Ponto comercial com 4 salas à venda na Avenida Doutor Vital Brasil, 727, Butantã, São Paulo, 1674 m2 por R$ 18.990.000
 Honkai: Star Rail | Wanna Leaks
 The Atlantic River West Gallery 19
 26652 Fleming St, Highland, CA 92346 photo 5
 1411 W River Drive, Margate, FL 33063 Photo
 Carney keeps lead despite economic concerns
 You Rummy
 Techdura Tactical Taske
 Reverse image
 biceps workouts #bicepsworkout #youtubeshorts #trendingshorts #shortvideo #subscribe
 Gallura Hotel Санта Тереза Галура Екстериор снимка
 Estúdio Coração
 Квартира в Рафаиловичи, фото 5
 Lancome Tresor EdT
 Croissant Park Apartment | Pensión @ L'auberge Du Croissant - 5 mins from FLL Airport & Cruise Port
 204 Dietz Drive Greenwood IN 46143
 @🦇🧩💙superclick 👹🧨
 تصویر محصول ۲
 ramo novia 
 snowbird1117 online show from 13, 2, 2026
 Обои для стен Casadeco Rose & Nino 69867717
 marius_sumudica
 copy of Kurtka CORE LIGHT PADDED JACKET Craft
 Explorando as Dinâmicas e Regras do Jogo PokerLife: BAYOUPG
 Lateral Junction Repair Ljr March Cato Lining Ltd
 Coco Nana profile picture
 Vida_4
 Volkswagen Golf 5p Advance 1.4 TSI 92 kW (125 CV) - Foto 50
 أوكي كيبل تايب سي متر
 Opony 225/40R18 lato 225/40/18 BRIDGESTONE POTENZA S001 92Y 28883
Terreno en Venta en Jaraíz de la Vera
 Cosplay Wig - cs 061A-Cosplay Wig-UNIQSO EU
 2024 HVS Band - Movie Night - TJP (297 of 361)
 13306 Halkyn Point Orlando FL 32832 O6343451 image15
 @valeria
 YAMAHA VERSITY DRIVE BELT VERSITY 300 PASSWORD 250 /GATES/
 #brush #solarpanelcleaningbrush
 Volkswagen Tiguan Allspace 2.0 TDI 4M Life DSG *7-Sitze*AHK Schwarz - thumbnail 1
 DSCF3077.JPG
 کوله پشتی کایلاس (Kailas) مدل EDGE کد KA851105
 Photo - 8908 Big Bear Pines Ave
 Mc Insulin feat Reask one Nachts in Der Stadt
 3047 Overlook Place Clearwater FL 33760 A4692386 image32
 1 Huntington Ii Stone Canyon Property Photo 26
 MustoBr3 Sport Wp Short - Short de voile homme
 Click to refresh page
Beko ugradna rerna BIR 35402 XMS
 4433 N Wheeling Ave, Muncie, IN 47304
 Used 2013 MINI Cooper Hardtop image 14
........
Copy down the material exactly as written.

_EXERCISE RESULT_.
Ponto comercial com 4 salas à venda na Avenida Doutor Vital Brasil, 727, Butantã, São Paulo, 1674 m2 por R$ 18.990.000
 Honkai: Star Rail | Wanna Leaks
 The Atlantic River West Gallery 19
 26652 Fleming St, Highland, CA 92346 photo 5
 1411 W River Drive, Margate, FL 33063 Photo
 Carney keeps lead despite economic concerns
 You Rummy
 Techdura Tactical Taske
 Reverse image
 biceps workouts #bicepsworkout #youtubeshorts #trendingshorts #shortvideo #subscribe
 Gallura Hotel Санта Тереза Галура Екстериор снимка
 Estúdio Coração
 Квартира в Рафаиловичи, фото 5
 Lancome Tresor EdT
 Croissant Park Apartment | Pensión @ L'auberge Du Croissant - 5 mins from FLL Airport & Cruise Port
 204 Dietz Drive Greenwood IN 46143
 @🦇🧩💙superclick 👹🧨
 تصویر محصول ۲
 ramo novia 
 snowbird1117 online show from 13, 2, 2026
 Обои для стен Casadeco Rose & Nino 69867717
 marius_sumudica
 copy of Kurtka CORE LIGHT PADDED JACKET Craft
 Explorando as Dinâmicas e Regras do Jogo PokerLife: BAYOUPG
 Lateral Junction Repair Ljr March Cato Lining Ltd
 Coco Nana profile picture
 Vida_4
 Volkswagen Golf 5p Advance 1.4 TSI 92 kW (125 CV) - Foto 50
 أوكي كيبل تايب سي متر
 Opony 225/40R18 lato 225/40/18 BRIDGESTONE POTENZA S001 92Y 28883
Terreno en Venta en Jaraíz de la Vera
 Cosplay Wig - cs 061A-Cosplay Wig-UNIQSO EU
 2024 HVS Band - Movie Night - TJP (297 of 361)
 13306 Halkyn Point Orlando FL 32832 O6343451 image15
 @valeria
 YAMAHA VERSITY DRIVE BELT VERSITY 300 PASSWORD 250 /GATES/
 #brush #solarpanelcleaningbrush
 Volkswagen Tiguan Allspace 2.0 TDI 4M Life DSG *7-Sitze*AHK Schwarz - thumbnail 1
 DSCF3077.JPG
 کوله پشتی کایلاس (Kailas) مدل EDGE کد KA851105
 Photo - 8908 Big Bear Pines Ave
 Mc Insulin feat Reask one Nachts in Der Stadt
 3047 Overlook Place Clearwater FL 33760 A4692386 image32
 1 Huntington Ii Stone Canyon Property Photo 26
 MustoBr3 Sport Wp Short - Short de voile homme
 Click to refresh page
Beko ugradna rerna BIR 35402 XMS
 4433 N Wheeling Ave, Muncie, IN 47304
 Used 2013 MINI Cooper Hardtop image 14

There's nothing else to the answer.